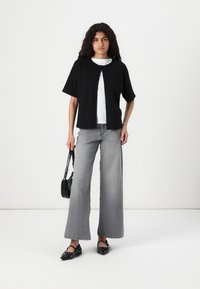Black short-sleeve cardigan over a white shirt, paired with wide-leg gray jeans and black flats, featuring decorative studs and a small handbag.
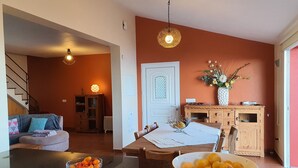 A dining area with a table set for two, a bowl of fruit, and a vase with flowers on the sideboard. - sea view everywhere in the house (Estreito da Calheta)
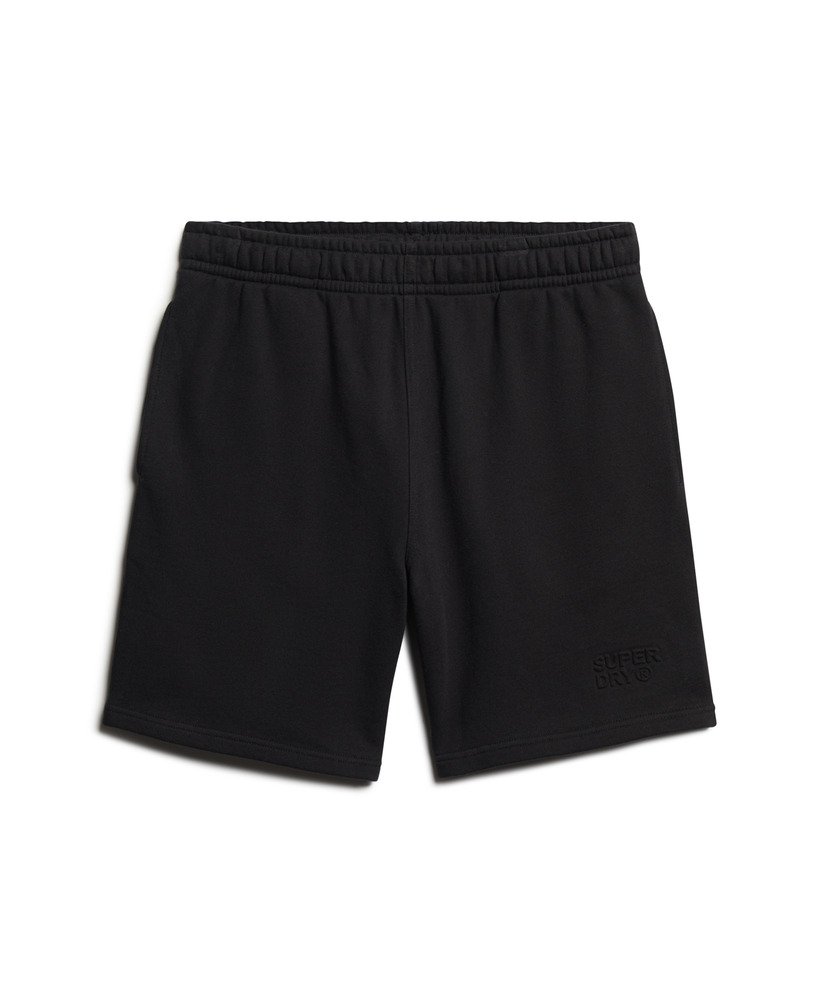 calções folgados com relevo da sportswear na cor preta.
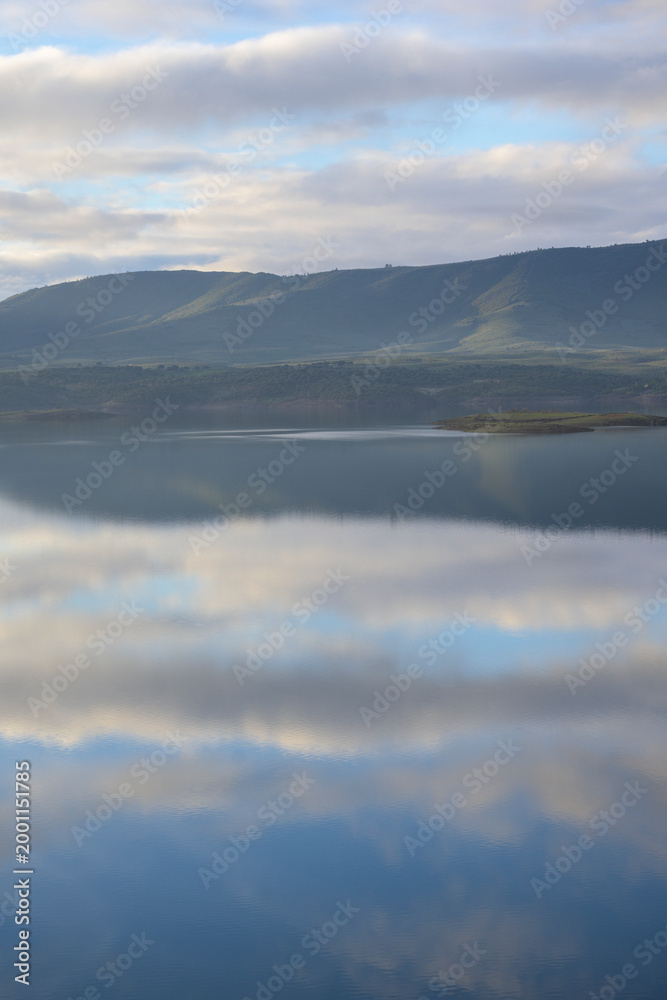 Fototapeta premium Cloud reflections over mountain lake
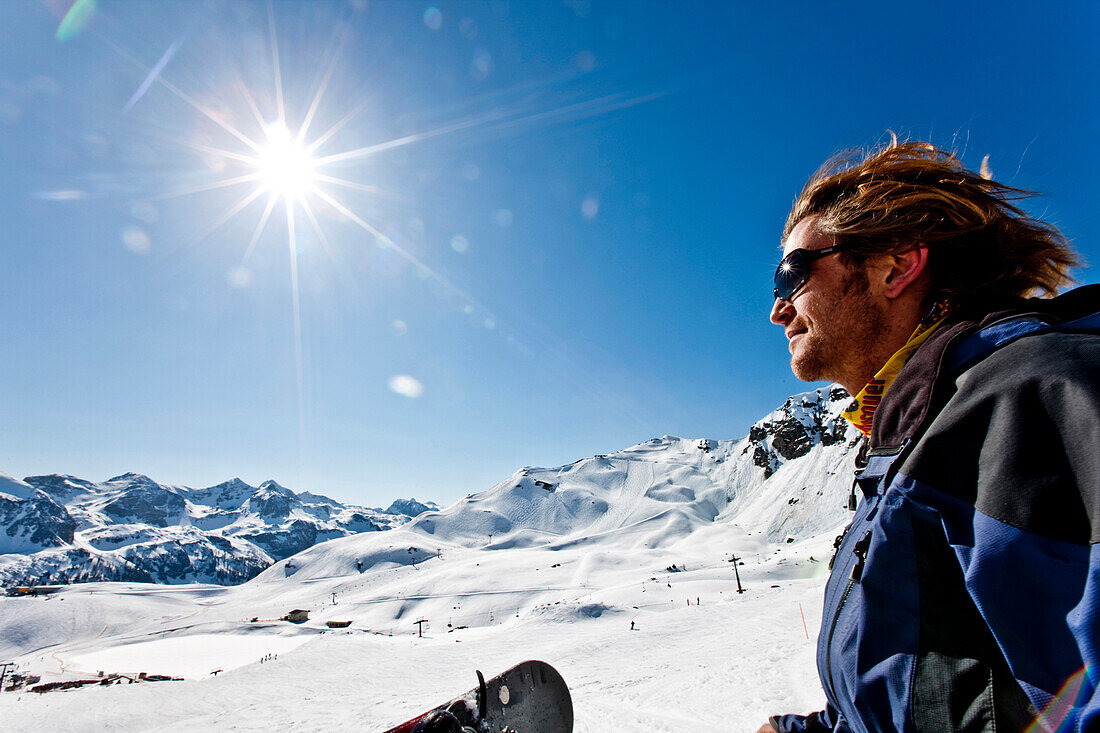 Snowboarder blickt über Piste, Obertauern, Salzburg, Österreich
────────────────────────────────────────
Your goal ::
Print all the records again exactly; do not include any picture.

Answer to the problem ::
Black short-sleeve cardigan over a white shirt, paired with wide-leg gray jeans and black flats, featuring decorative studs and a small handbag.
 A dining area with a table set for two, a bowl of fruit, and a vase with flowers on the sideboard. - sea view everywhere in the house (Estreito da Calheta)
 calções folgados com relevo da sportswear na cor preta.
 Fototapeta premium Cloud reflections over mountain lake
 Snowboarder blickt über Piste, Obertauern, Salzburg, Österreich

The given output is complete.